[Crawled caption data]

——————

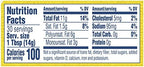 Hellmann's Real Mayonnaise Real Mayo For a Creamy Sandwich Spread or Condiment Gluten Free, Made With 100% Cage-Free Eggs 15 oz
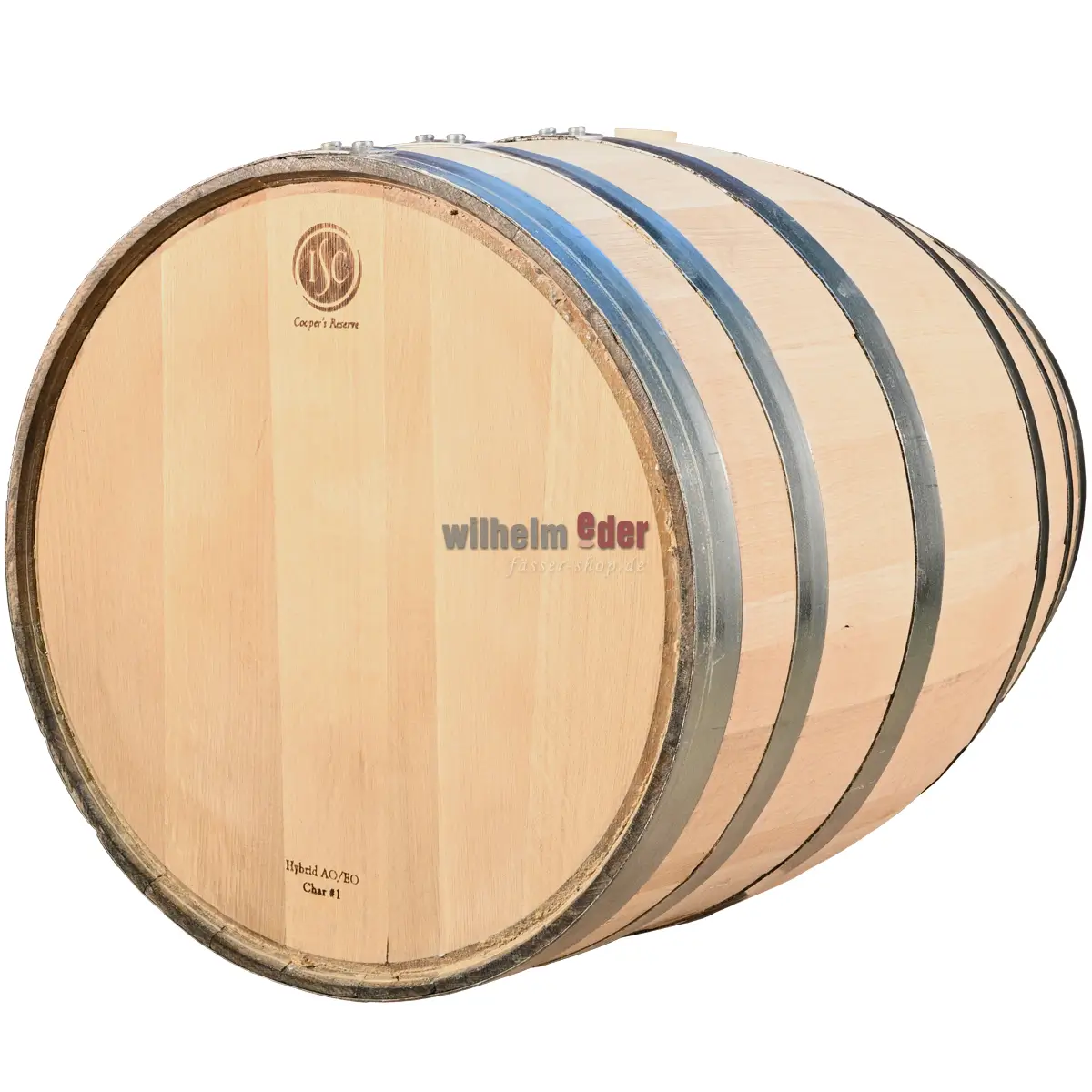 coopers_reserve_hybrid_200l_1_fm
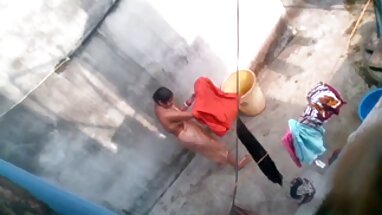 Thủ dâm queen có một chiếu phim sex người hàn quốc bước đi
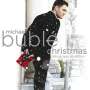 Michael Bublé (geb. 1975): Christmas (Deluxe Special Edition), CD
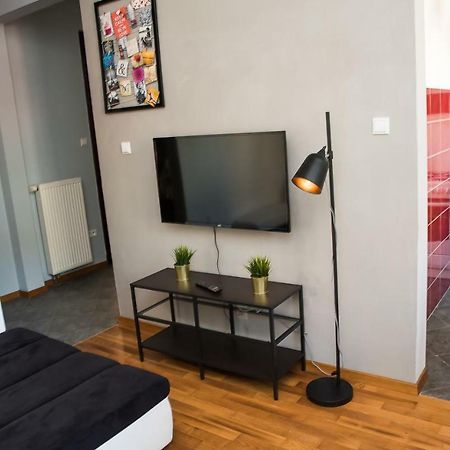 Easy Rent Apartments - Konopnicka 11 Lublin Exterior photo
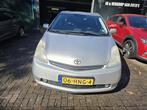 Toyota Prius 1.5 VVT-i Comfort EXPORT| ZO MEENEMEN | 2E EIGE, 65 €/maand, Gebruikt, 4 cilinders, 23 km/l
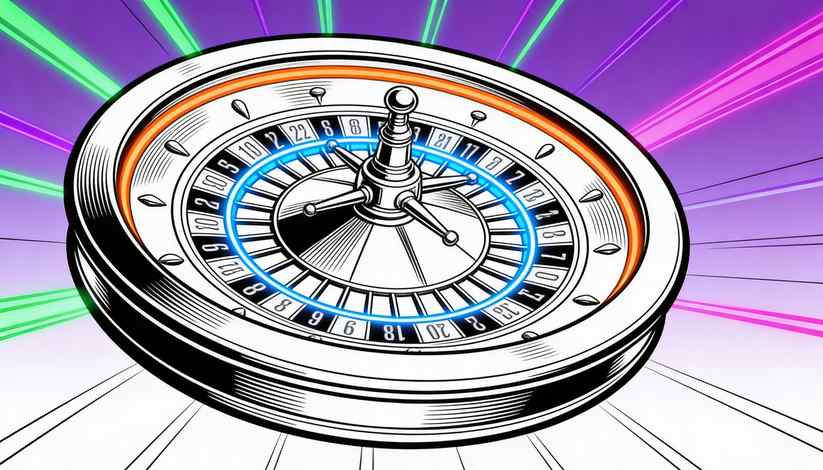 Madcasino: Een Betwistbare Licentie en Wat Dat Betekent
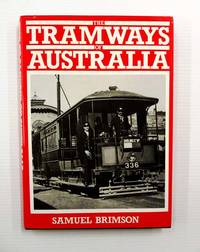 The Tramways of Australia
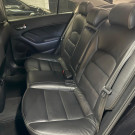Kia Motors Cerato 1.6 16V  Flex  Aut. 2018-6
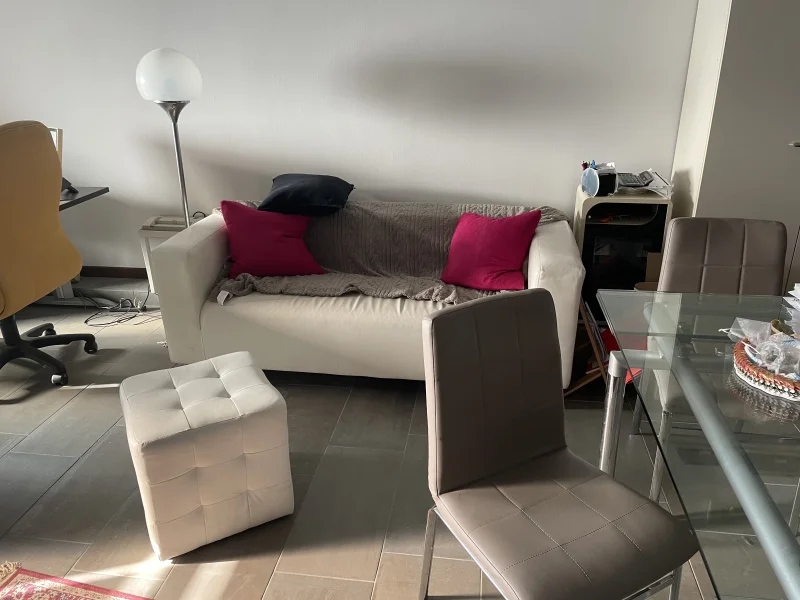 STUDIO FARINA - Foto 2 della struttura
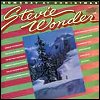 Stevie Wonder - Someday At Christmas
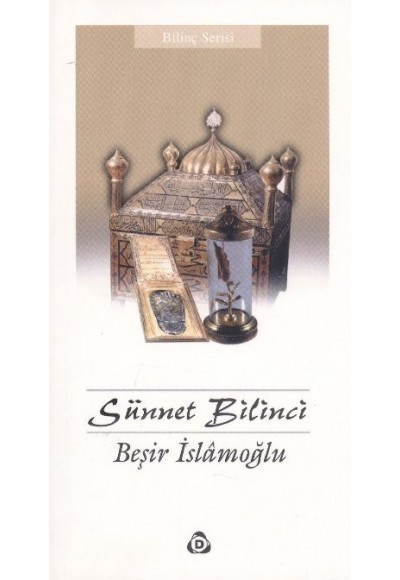 Sünnet Bilinci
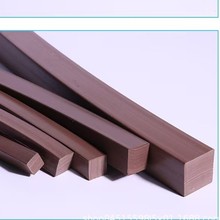 F؛lzܷl Ҏķ͸ߜطzܷl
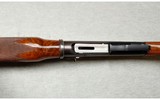 Ithaca ~ Mag-10 ~ 10 Gauge - 8 of 12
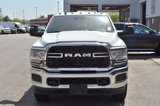 New 2024 RAM 2500 Tradesman w/ Chrome Appearance Group image 3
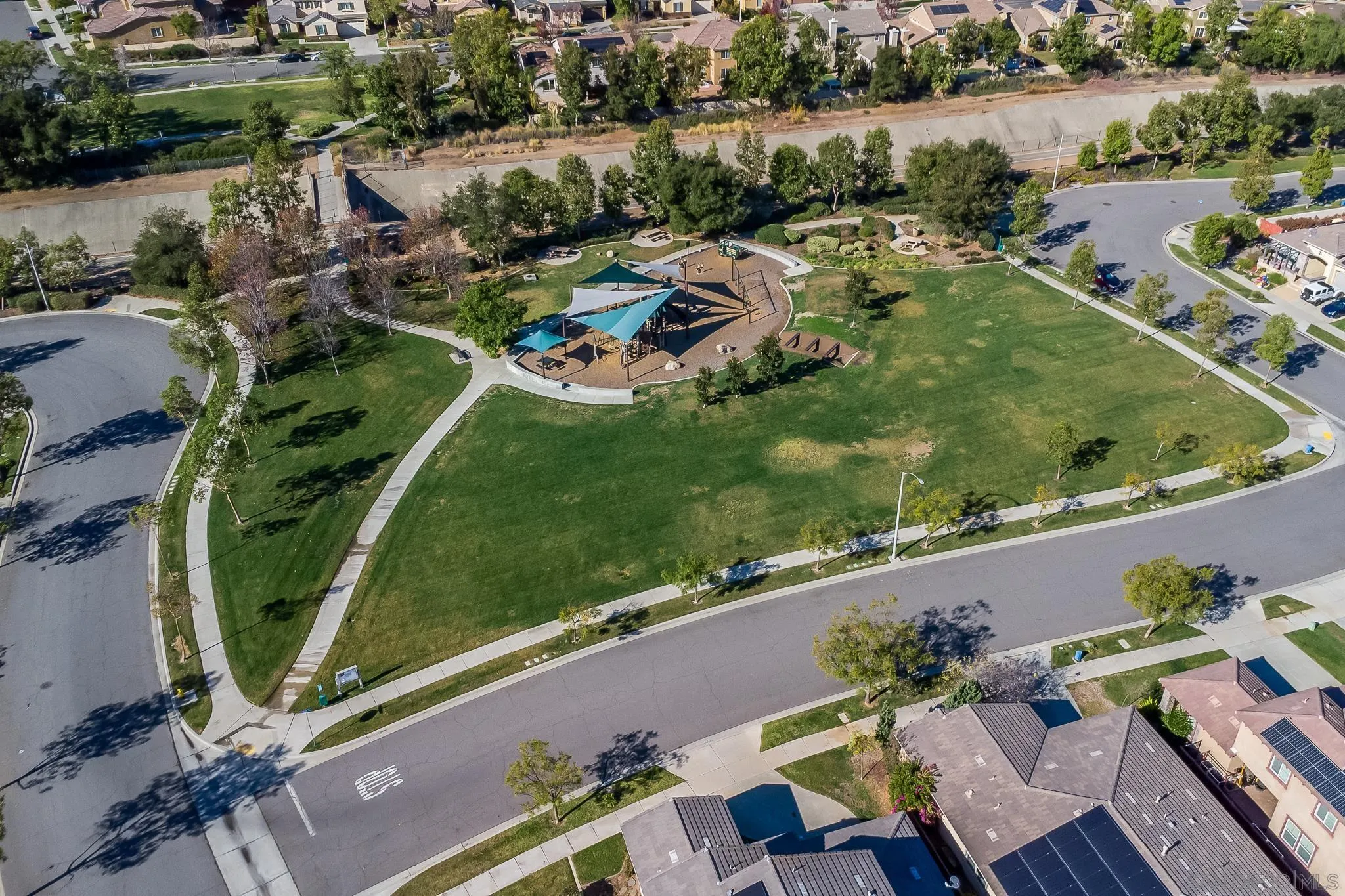 https://cdn.realtyfeed.com/cdn/127/250028002/9ac3e2cf770c1178a4e9fc34d4d5bc31.webp
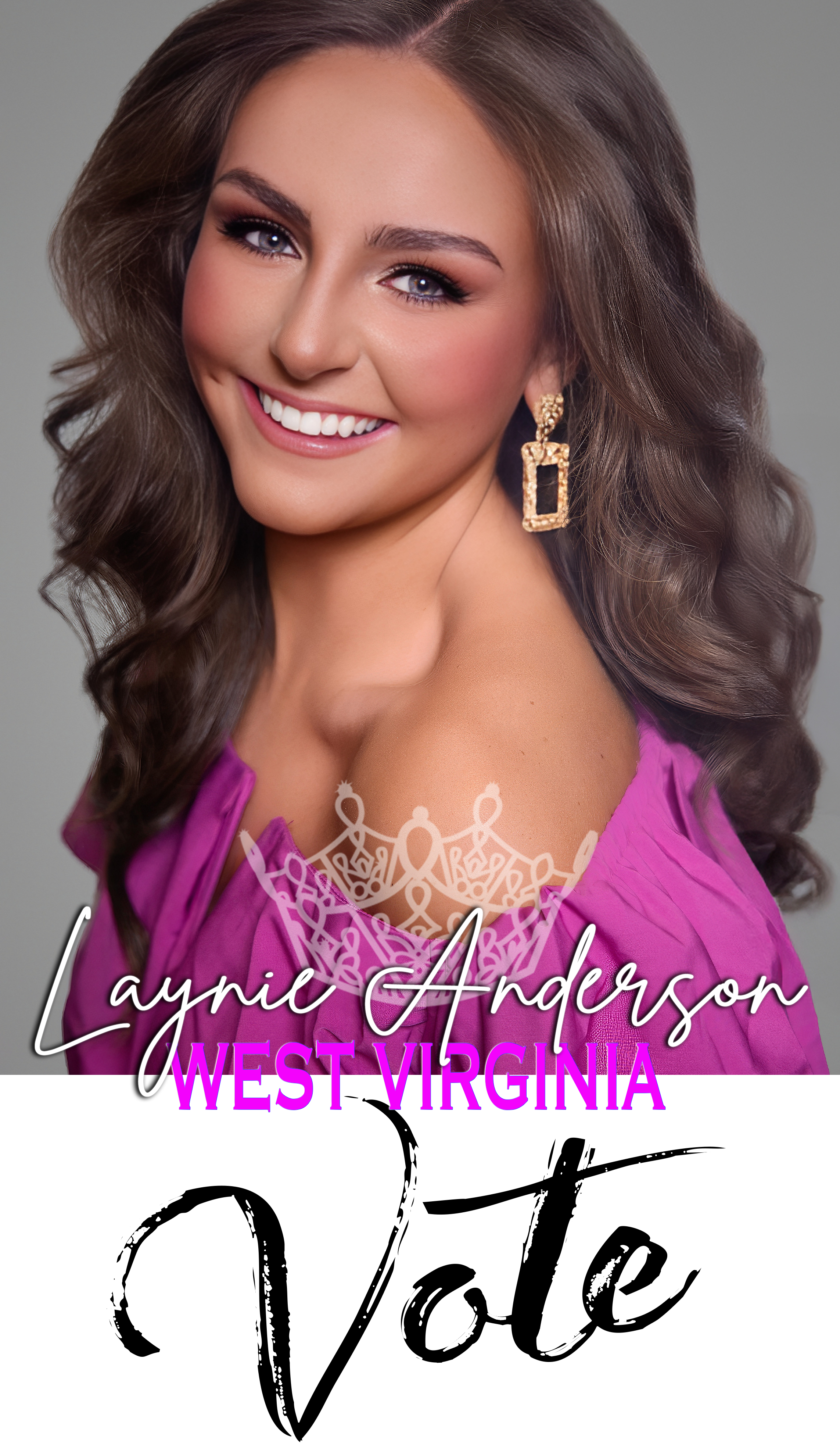WEST VIRGINIA.png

——————

§ Work to complete: Could you copy the data above exactly, leaving the pictures out?

§ Task response:
 Hellmann's Real Mayonnaise Real Mayo For a Creamy Sandwich Spread or Condiment Gluten Free, Made With 100% Cage-Free Eggs 15 oz
 coopers_reserve_hybrid_200l_1_fm
 Thủ dâm queen có một chiếu phim sex người hàn quốc bước đi
 Michael Bublé (geb. 1975): Christmas (Deluxe Special Edition), CD
 Easy Rent Apartments - Konopnicka 11 Lublin Exterior photo
 Toyota Prius 1.5 VVT-i Comfort EXPORT| ZO MEENEMEN | 2E EIGE, 65 €/maand, Gebruikt, 4 cilinders, 23 km/l
 Madcasino: Een Betwistbare Licentie en Wat Dat Betekent
 The Tramways of Australia
Kia Motors Cerato 1.6 16V  Flex  Aut. 2018-6
 STUDIO FARINA - Foto 2 della struttura
 Stevie Wonder - Someday At Christmas
 Sünnet Bilinci
 F؛lzܷl Ҏķ͸ߜطzܷl
 Ithaca ~ Mag-10 ~ 10 Gauge - 8 of 12
 New 2024 RAM 2500 Tradesman w/ Chrome Appearance Group image 3
 https://cdn.realtyfeed.com/cdn/127/250028002/9ac3e2cf770c1178a4e9fc34d4d5bc31.webp
WEST VIRGINIA.png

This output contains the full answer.